Entre innovation, lutte contre la surveillance et inclusivité : quelles solutions ?

Le cash ne disparaîtra pas du jour au lendemain. Dans des pays comme l’Allemagne ou le Japon, il reste même un symbole fort de liberté individuelle. Mais pour réussir une transition juste, il faudra trouver un équilibre.

Certaines solutions hybrides émergent déjà : cartes prépayées anonymes, monnaies locales numériques, ou encore VPN, qui protègent la confidentialité des transactions en ligne, notamment lorsqu’ils sont combinés à des cryptomonnaies pour un anonymat renforcé, et qu'ils acceptent eux-mêmes les souscriptions en cash, à l'image de Proton VPN ou de Mullvad. Mais ces innovations, aussi prometteuses soient-elles, ne suffisent pas toujours à répondre aux défis sociaux posés par la dématérialisation des paiements.

Car tout le monde n’est pas armé pour cette révolution numérique. Les personnes âgées, les populations en situation de précarité et celles vivant en zones rurales risquent d’être laissées pour compte. Dans ces conditions, éliminer le cash sans prévoir d’alternatives inclusives risquerait d'aggraver les inégalités et accentuer les fractures économiques.

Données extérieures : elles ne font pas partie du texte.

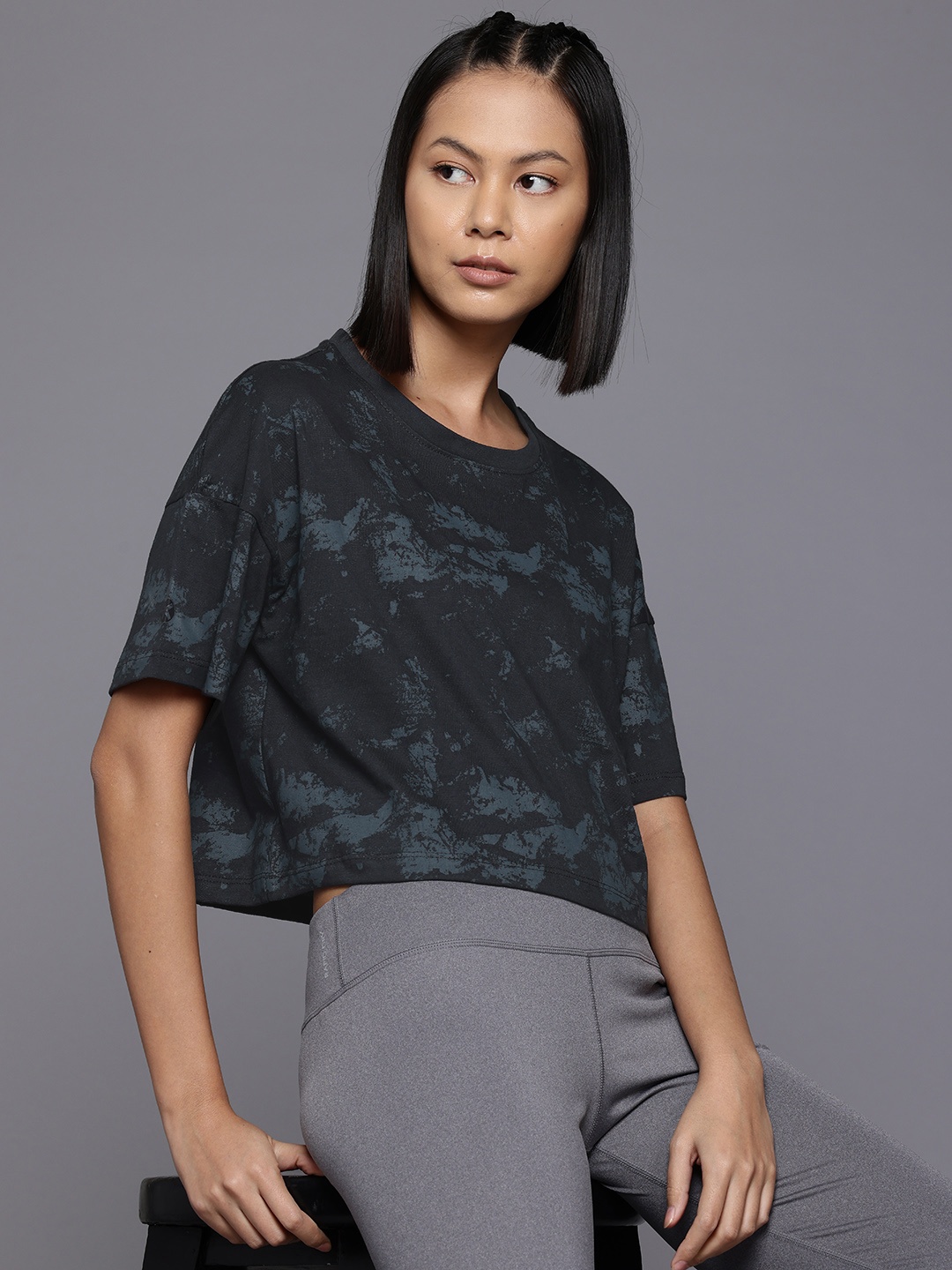 

HRX by Hrithik Roshan Abstract Printed Yoga T-shirt, Black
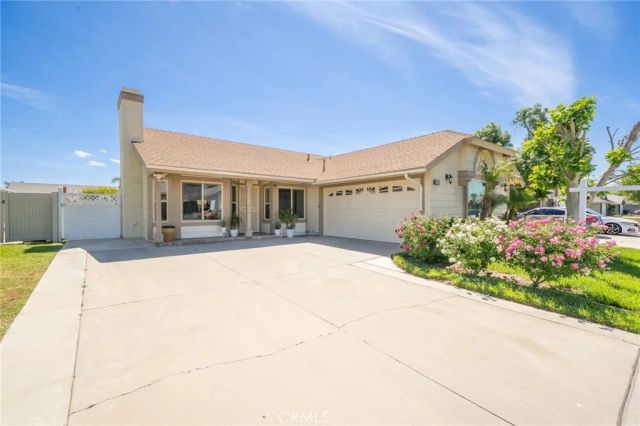 135 Bold Venture, Perris, CA 92571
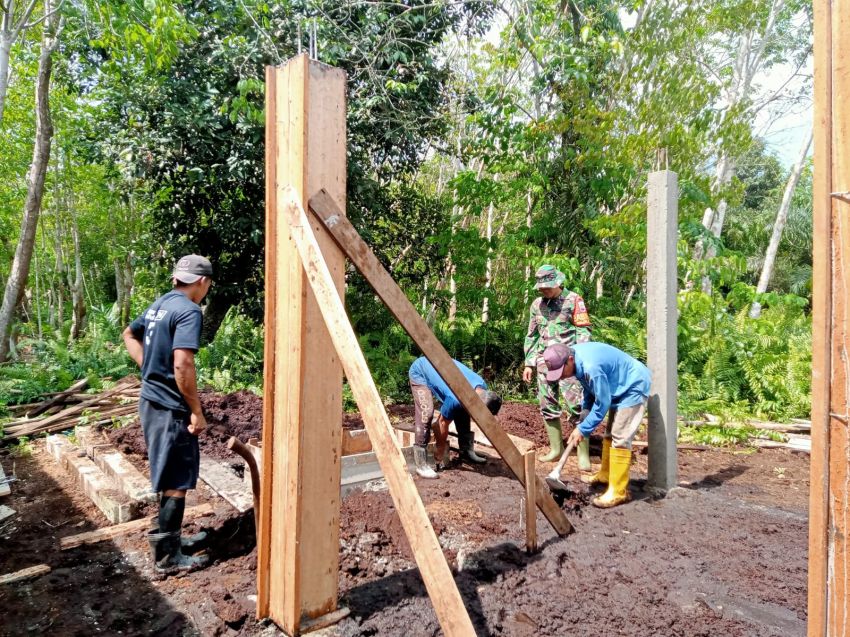 Karya Bakti TNI Bangun MCK di Desa Tanjung, Warga Ucapkan Terima Kasih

In fine, la fin du cash n’est pas qu’un enjeu technologique : elle touche à la vie privée, à la liberté et à l'équité. Si l’innovation ouvre de nouvelles perspectives, elle ne doit pas masquer les risques de surveillance généralisée ou d’exclusion. Oscillant entre fascination pour le progrès et vigilance face aux dérives, le débat mériterait d’être mené collectivement, car il touche directement à nos libertés fondamentales.